§ DATASET EXCERPTS:
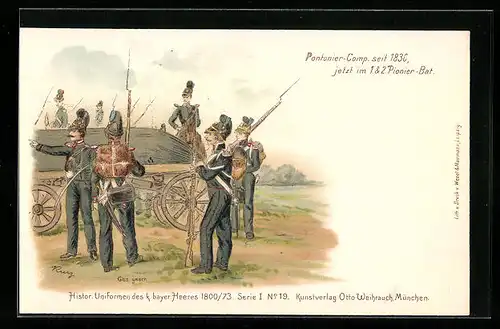 Lithographie Regiment Pontonier-Comp., Soldaten in historischen uniformen mit Gewehr
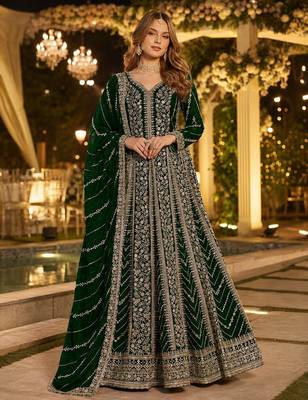 Dark green georgette embroidered semi stitched salwar suit 1
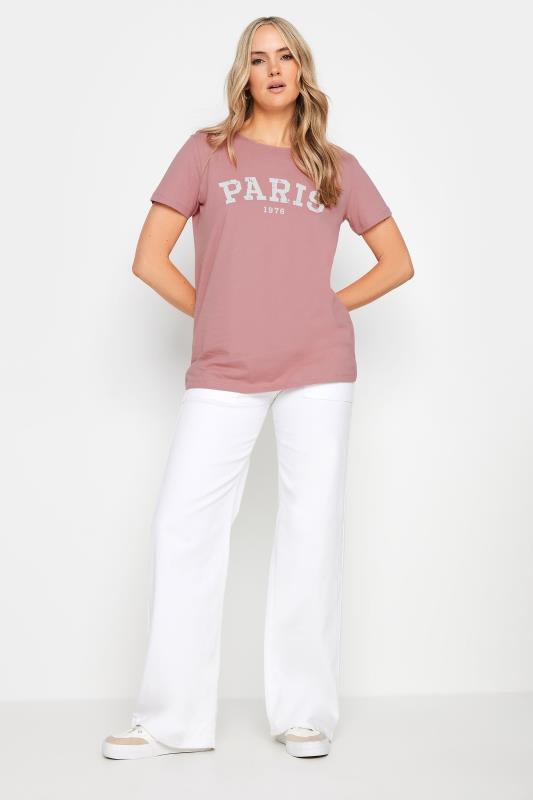 LTS Tall Pink 'Paris' Print Graphic T-shirt | Long Tall Sally 2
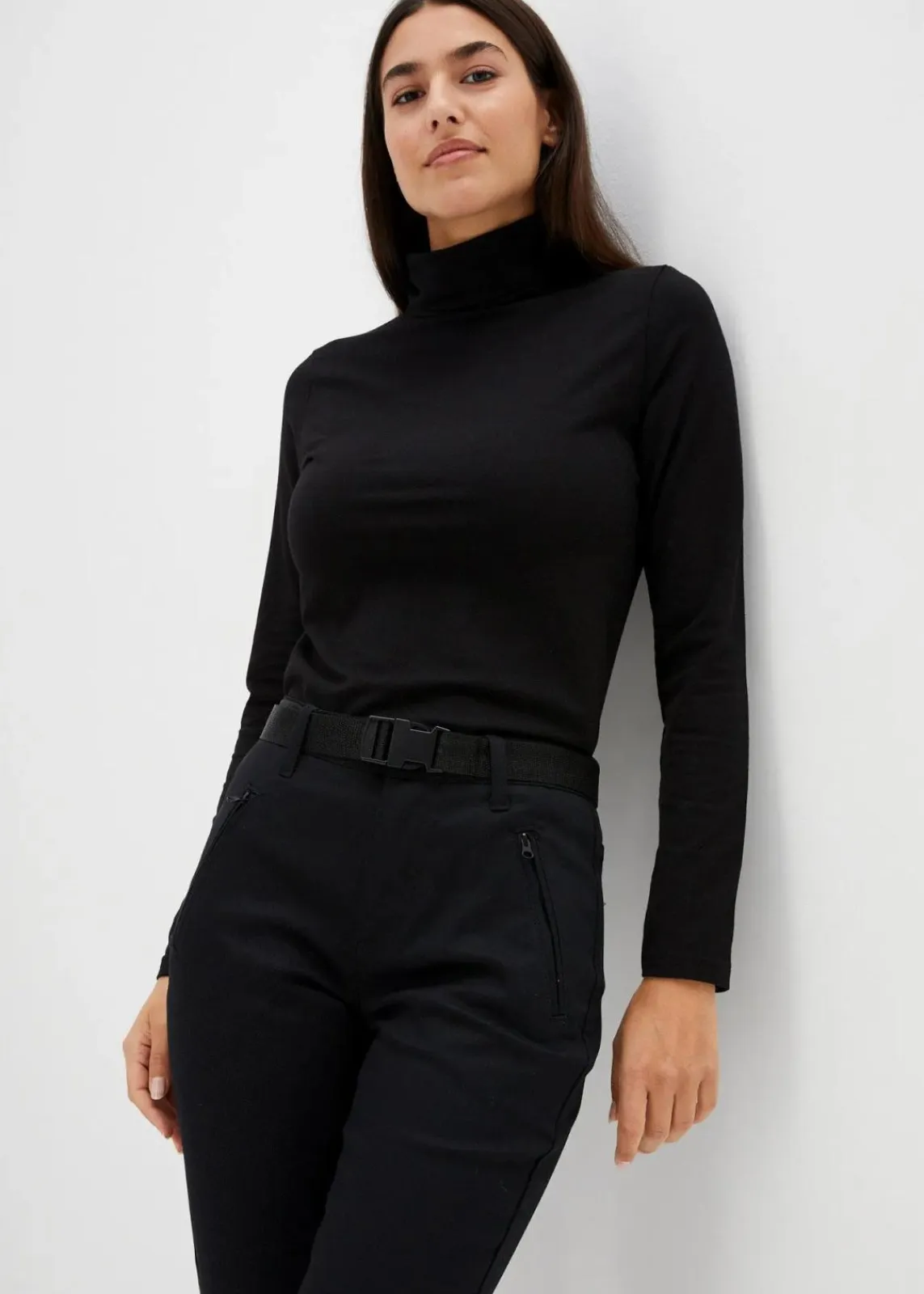 bonprix Outdoorbekleidung|Sportbekleidung^Wasserabweisende Funktionshose aus Stretch-Twill mit Gürtel schwarz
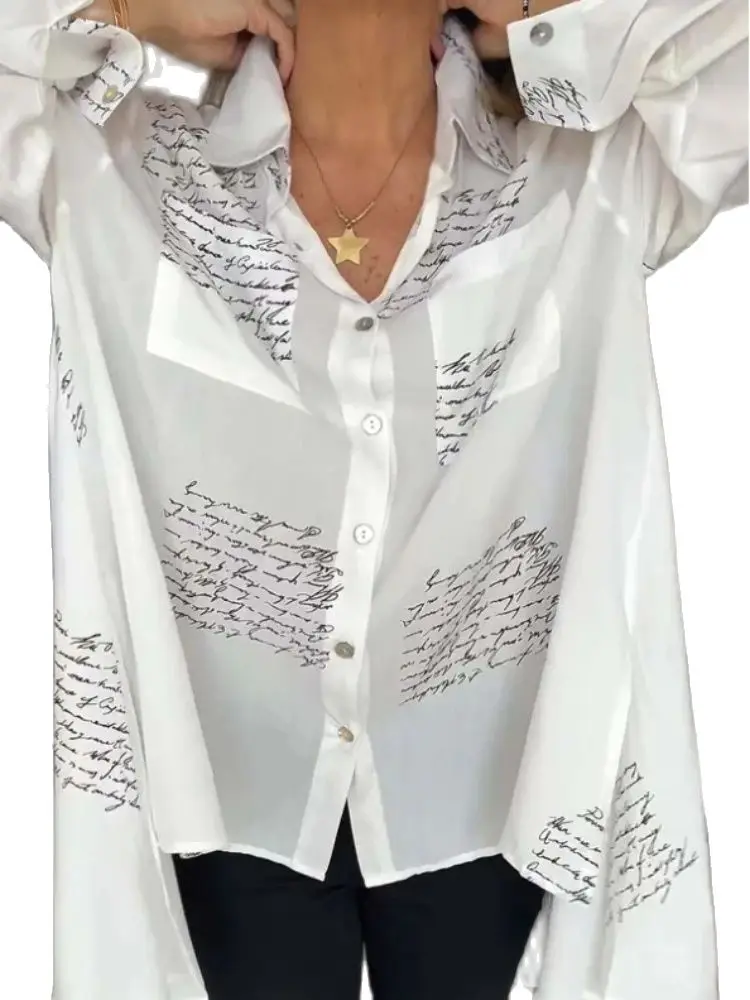 

Women's blouse 2024 Spring/Summer New Loose Print Shirt Swallow Tail Flip Collar Shirt Women's Button Shirt Women's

§ PROBLEM TO WORK ON:
Without the pictures, restate each entry exactly.

§ ANSWER SPACE:
 Lithographie Regiment Pontonier-Comp., Soldaten in historischen uniformen mit Gewehr
 Dark green georgette embroidered semi stitched salwar suit 1
 LTS Tall Pink 'Paris' Print Graphic T-shirt | Long Tall Sally 2
 bonprix Outdoorbekleidung|Sportbekleidung^Wasserabweisende Funktionshose aus Stretch-Twill mit Gürtel schwarz

Women's blouse 2024 Spring/Summer New Loose Print Shirt Swallow Tail Flip Collar Shirt Women's Button Shirt Women's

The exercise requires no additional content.